The effects of this lawsuit have been evident for some time. The Legion of Super-Heroes cartoon features a young Clark Kent who goes by the name of Superman instead of Superboy. The recent release of the New Adventures of Superman cartoon does not include the Superboy cartoons that always fit between two Superman cartoons in a half-hour episode. In the DC universe, recent versions of the Superboy character have been murdered or have become murderers themselves. And now all traces of the Superboy name have disappeared from the pages of DC Comics. It's an ugly situation and it's hurting the fans.

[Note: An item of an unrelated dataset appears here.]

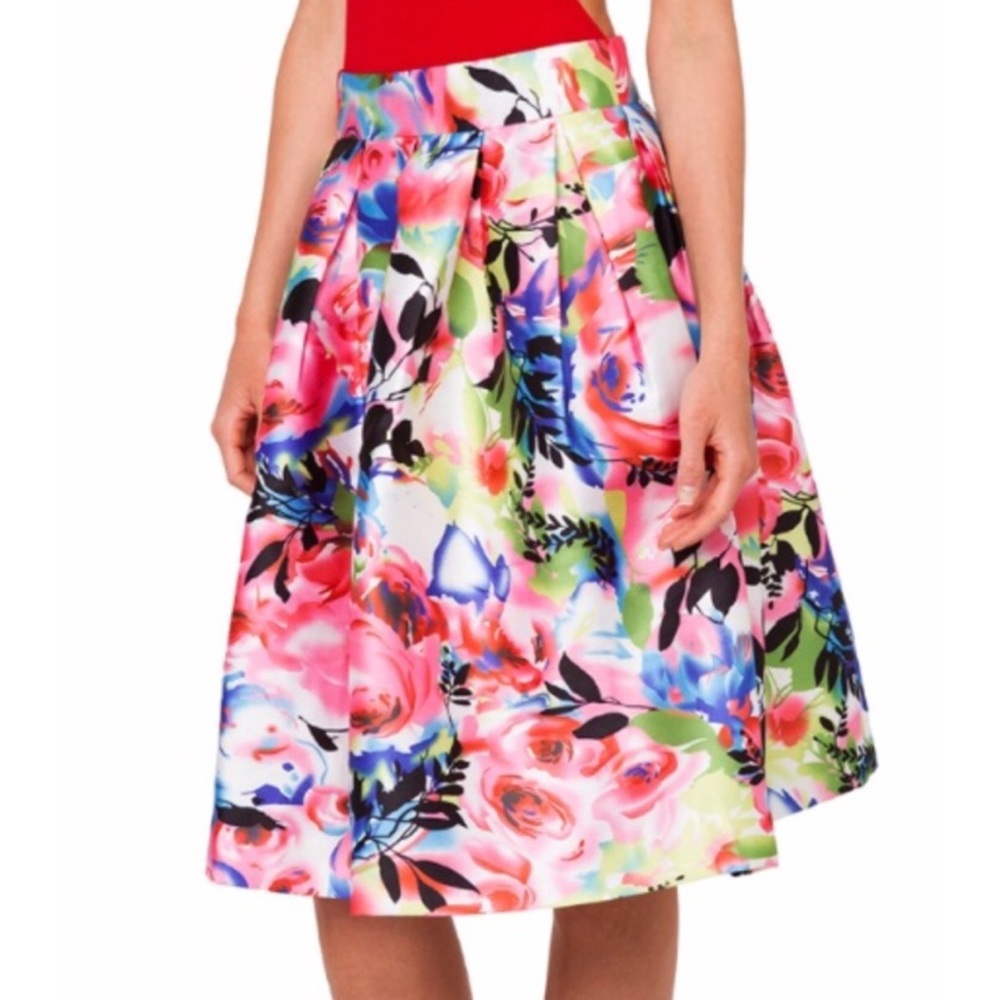 Gracia Floral Skirt size M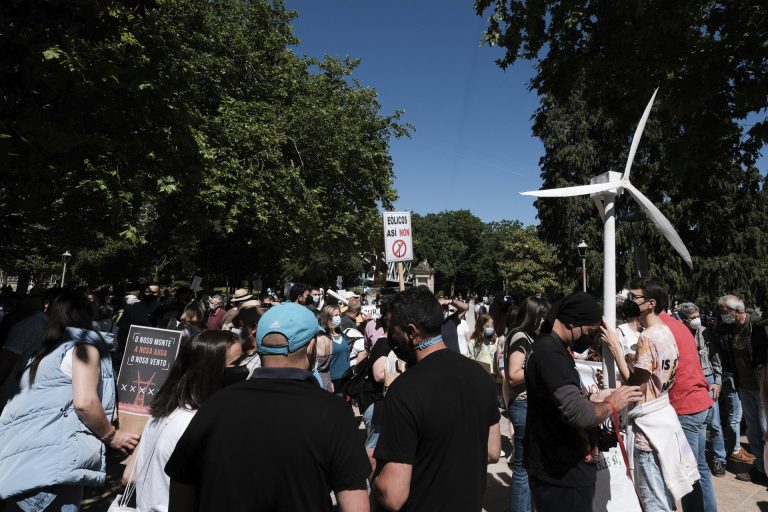 Unidas Podemos urge al Gobierno a establecer una moratoria eólica en Galicia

It would be a perfect time to re-introduce the character Superboy to comic book fans. An all-ages book featuring Superman as a boy would be well-suited to kids who don't feel like they fit in, and I don't mean like that whiny Smallville TV show. They could see that a boy with power can act responsibly and do the right thing, not because he has to, but because he chooses to. That Superboy lived in a town where decency and community weren't alien terms shouldn't be lost, either. I hope this lawsuit is resolved soon. Kids could use a hero.
I drew this sketch of Superboy the other night in blue pencil and finished the pencils last night, before I lapsed back into a fever. I feel better today and my temperature is back to normal. Someone must have taken the Kryptonite away!




2 comments:

Martin said...

Jim, I too miss "Superboy". I was in the bookstore this weekend and my son noticed a HeroClix set with the Legion. I picked it up and the Superboy figure is now labeled "Young Superman". Argh! We all know it is Superboy. Stupid greedy lawsuits.

Jim McClain said...

I don't know that it's all that greedy. The heirs of Jerry Siegel had, as far as they knew, the right to terminate the agreement. If you owned an asset worth possibly worth thousands of dollars, wouldn't you work to free it from someone else's grasp?